The new key to defending the ATSB’s working proposition that MH370 ended up in a ‘ghost flight’ and ‘death dive’ was the interpretation that the satellite data suggested a rapid and accelerating descent. It was all based on eight seconds of data.
The work on the Inmarsat automatic electronic ‘handshakes’ with MH370 had kept going, even as Foley’s undersea search continued. The Defence Scie
nce and Technology Group had been looking at the last log-on request from MH370’s satellite data unit at 08:19:29am. It was followed eight seconds later, at 08:19:37am by a log-on request acceptance – the return of the handshake from the ground station to the satellite and back to the aircraft.
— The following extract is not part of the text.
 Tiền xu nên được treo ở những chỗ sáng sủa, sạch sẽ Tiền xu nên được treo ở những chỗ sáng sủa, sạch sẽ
The team led by an eminent mathematician at DSTG, Neil Gordon, used the burst frequency offset analysis to see what those two signals said about whether the aircraft was in level flight, or ascending or descending. Gordon’s team came to the conclusion the aircraft was descending at a rate of between 2900 feet per minute and 15,200 feet per minute when the Seventh Arc was crossed. Eight seconds later the rate of descent had increased to between 13,800 feet per minute and 25,300 feet per minute.
The ATSB concluded in early 2016 that such rates of descent ruled out a controlled unpowered glide with the intent to extend range. But Bailey and other professional aviators said this rate of descent could easily be explained by a pilot wanting to point the nose down on fuel exhaustion to avoid a stall, rapidly descend to a warm and breathable level, and get out of the early sun at altitude. Additionally, other aviation experts said that, while they believed the satellite data was solid in establishing the Seventh Arc, they held doubts about its reliability in measuring ascent or descent.
The ATSB decided it had to do something publicly to suggest this element was right, and that others thought so. So, it turned once again to those it had hailed – rightly – as the best and the brightest, the experts of the Search Strategy Working Group. The JACC bulletin of 27 July 2016, sought to discredit the increasingly popular ‘controlled ditching’ theory, saying that ‘for the purposes of defining the underwater search area, the relevant facts and analysis most closely match a scenario in which there was no pilot intervening in the latter stages of the flight’.